# Work required:
Return the data exactly, with all pictures removed.

# Dataset extract:
- - - -
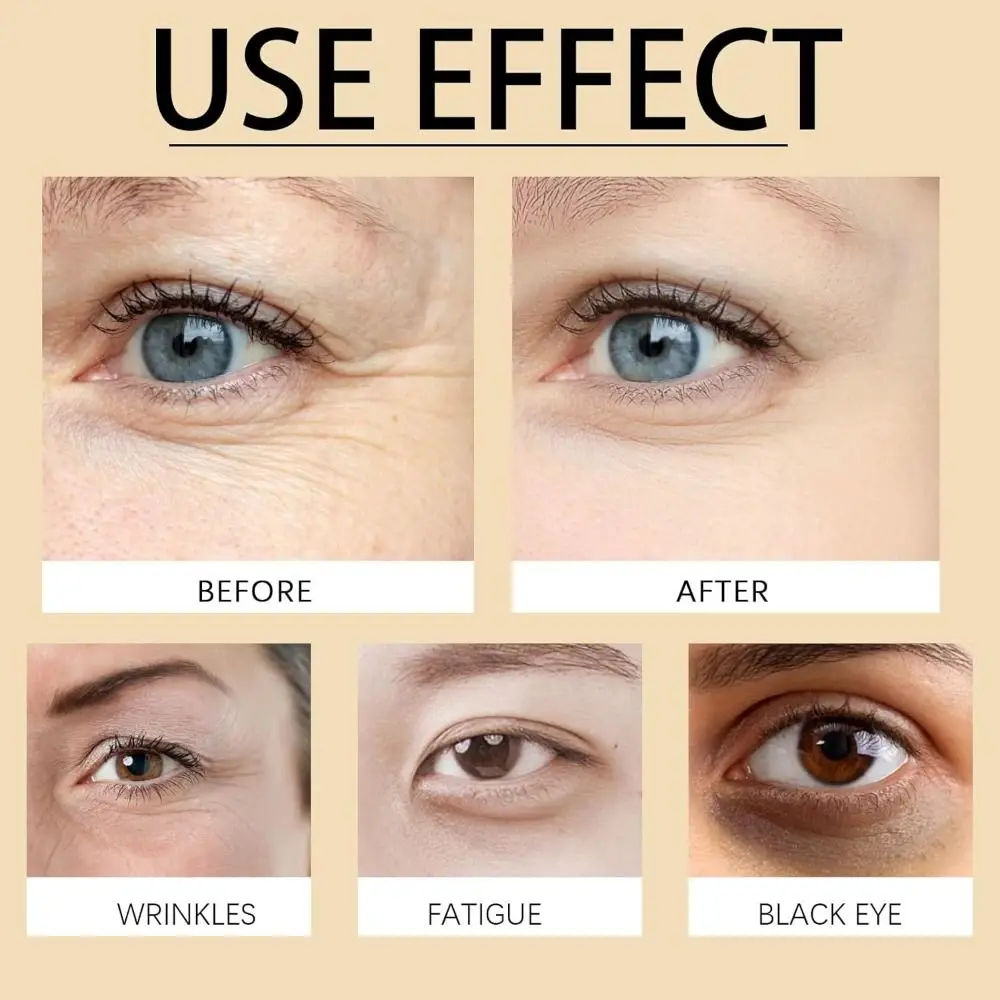 Лидер продаж роликовая Сыворотка для глаз с роликом удаления лазеток средство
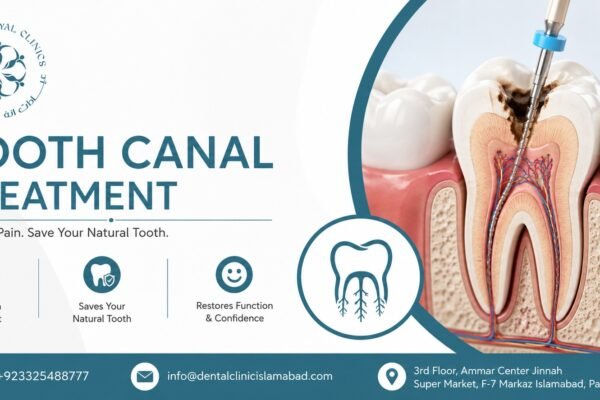 Tooth Canal Treatment in Islamabad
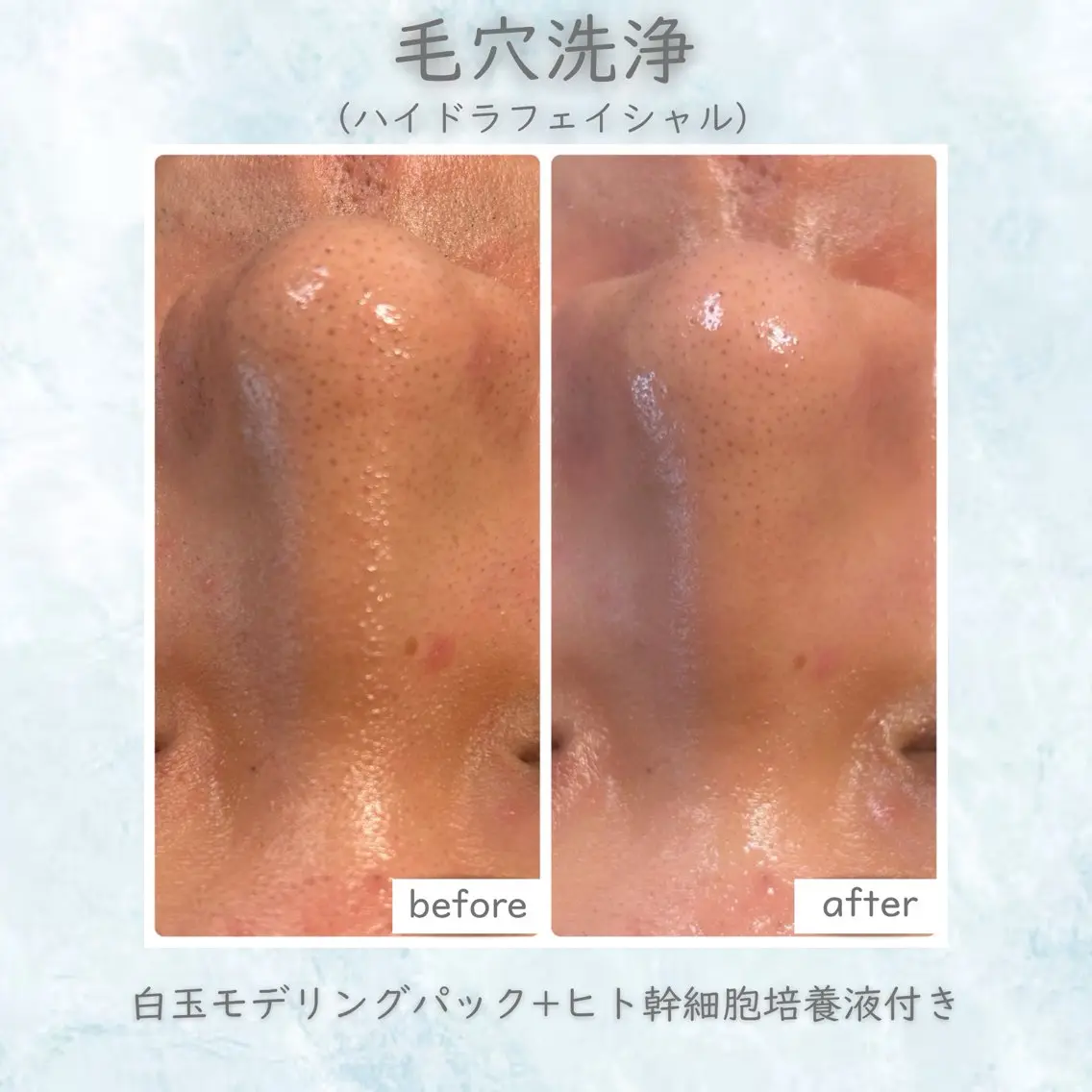 【全顔毛穴洗浄】ハイドラフェイシャル💧の写真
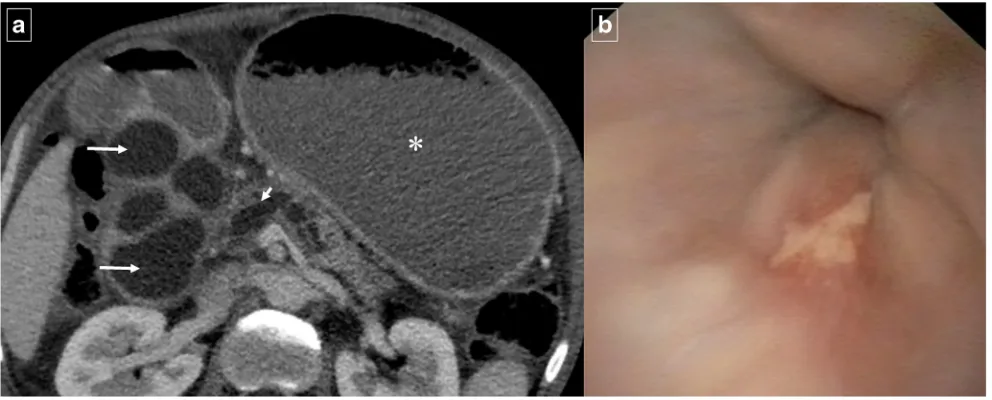 Fig. 16 A 55-year-old man with history of alcohol abuse and chronicpancreatitis. Axial contrast-enhanced CT images (a and b) demonstrateatrophy of the pancreatic parenchyma and ductal dilation (short arrow)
- - - -
# Answer to the exercise:
 Лидер продаж роликовая Сыворотка для глаз с роликом удаления лазеток средство
 Tooth Canal Treatment in Islamabad
 【全顔毛穴洗浄】ハイドラフェイシャル💧の写真
 Fig. 16 A 55-year-old man with history of alcohol abuse and chronicpancreatitis. Axial contrast-enhanced CT images (a and b) demonstrateatrophy of the pancreatic parenchyma and ductal dilation (short arrow)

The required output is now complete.